# sailing to key west,fl



## TSOJOURNER (Dec 16, 1999)

new to sailnet & new to sailing, have a 23` hunter, loving it, now we want to try a cruise from venice, fl to the keys, fl. have been checking it out,looks interesting, but if anyone sailed there i could use any advise, or help that you can give would be great, thanks, pompi


----------



## souljour2000 (Jul 8, 2008)

Is the Hunter 23 a swing keel or a fixed keel boat...? If you do go...watch out for cold fronts coming down from up north..the winds will be strongest well before the cold air finally arrives...Florida winter sailing can be as deadly as anywhere..just ask the families of three football players off Clearwater last January...Stay within your limits...nothing wrong with staying in the kiddie pool until we learn to swim...we all had to learn some basics and we all are still learning how to enjoy our sport and live to tell about it in here. You're going to make some mistakes...if you didn't you ain't learned nothin'.just try not to make real big mistakes.....you'll learn alot if you go...know your limitations and don't force yourself into time constraints...being in a hurry might be the worst sin when you don't have as much experience as you wish you had... Read as much as you can and take as many local trips as you can squeeze in before you head south.

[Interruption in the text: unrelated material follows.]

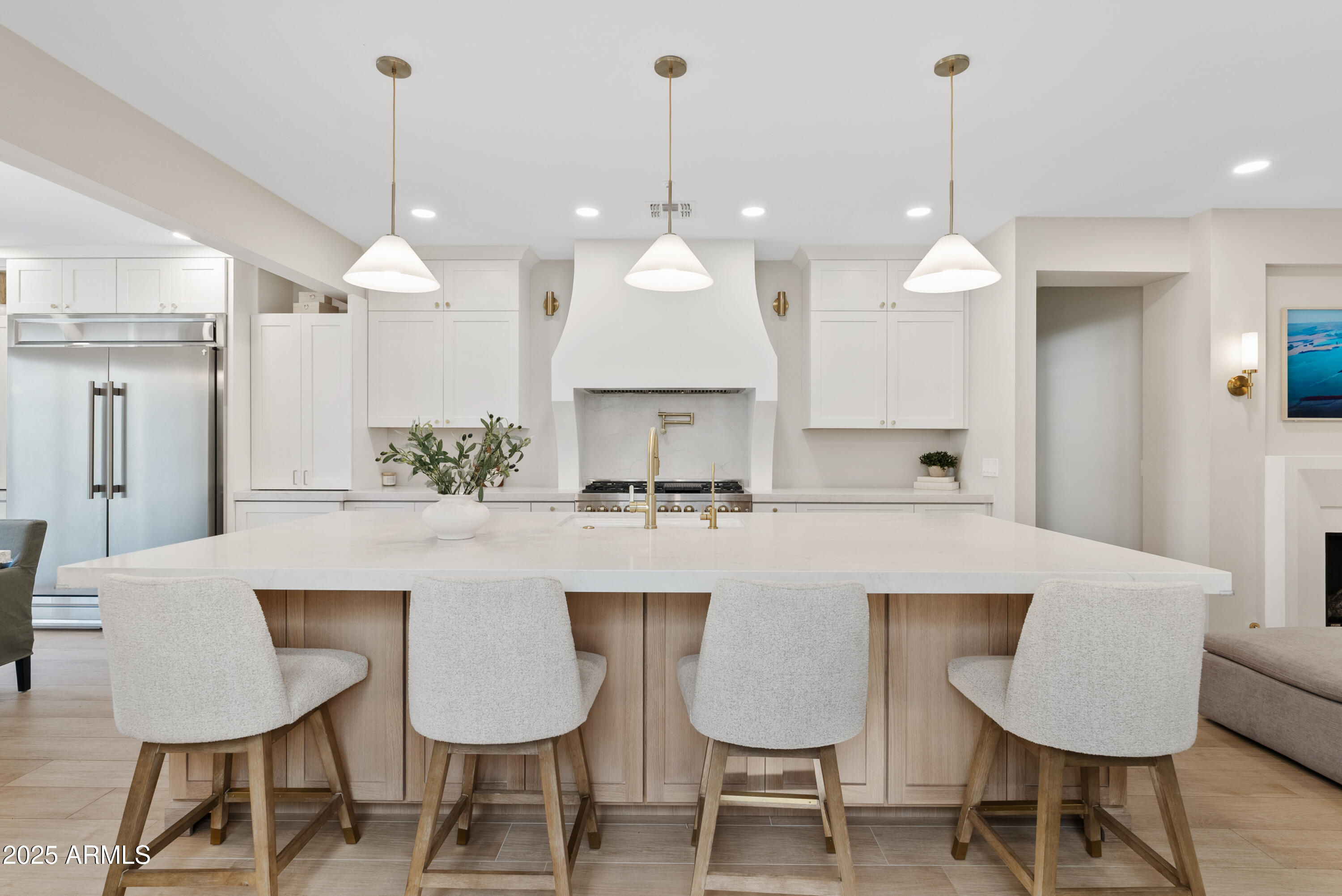Designer kitchen with white oak island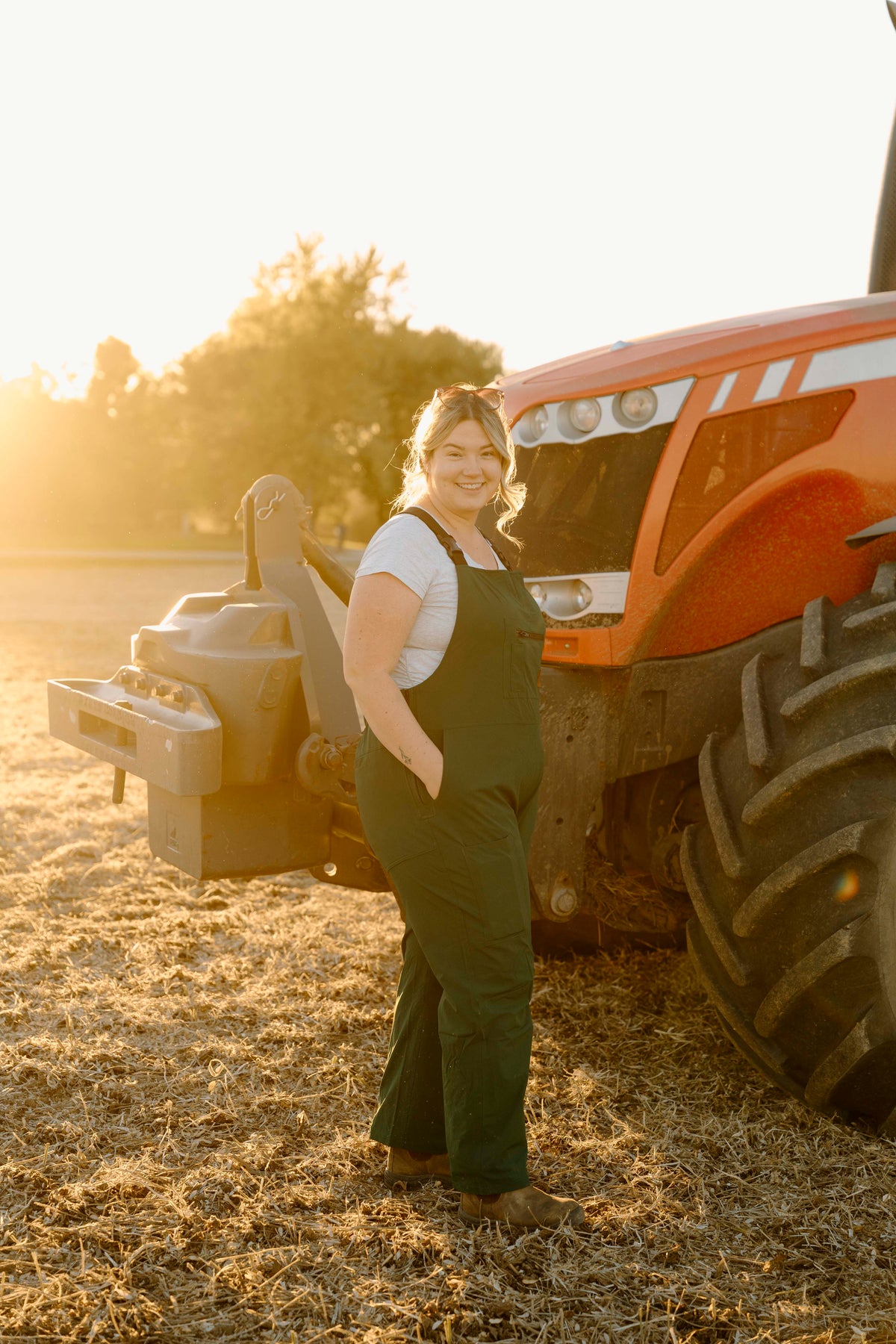 Woman wearing green overalls standing next to a large orange tractor in a field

Good luck...check the weather... have a blast...check the weather...post pics of your journey....check the weather forecast again...and tell us when you get to Margaritaville....


----------



## CaptainForce (Jan 1, 2006)

Little Shark River is an excellent anchorage if you're not taking the trip in the direct line. I notice that when I approach the NW Channel to Key West my first visual landmark is the huge landfill site that is NE of Key West. For a draft of 4.5 or less, it may be a nice cruising choice to make a loop using the route from Key West up Hawk Cahnnel to Long Key then North through Yacht Channel and by Schooner Bank back to Little Shark. 'take care and joy, Aythya crew


----------



## drfreddie (Jan 15, 2008)

I sail thru there in Dec. I would suggest being tight to coast line to Marco Island then Look to intercept mid-Keys and around Marathon slip into Atlantic side and again along coast to Key West. 

Read and re-read the advise SoulJour2000 wrote Its big water and boats are slow to out run trouble. Have several Alternate Plans for the day even.

Weather is King and if it's a trip in a car, a plane or anything else... Weather RULES. 

Otherwise sounds like a great trip and you'll LOVE it


----------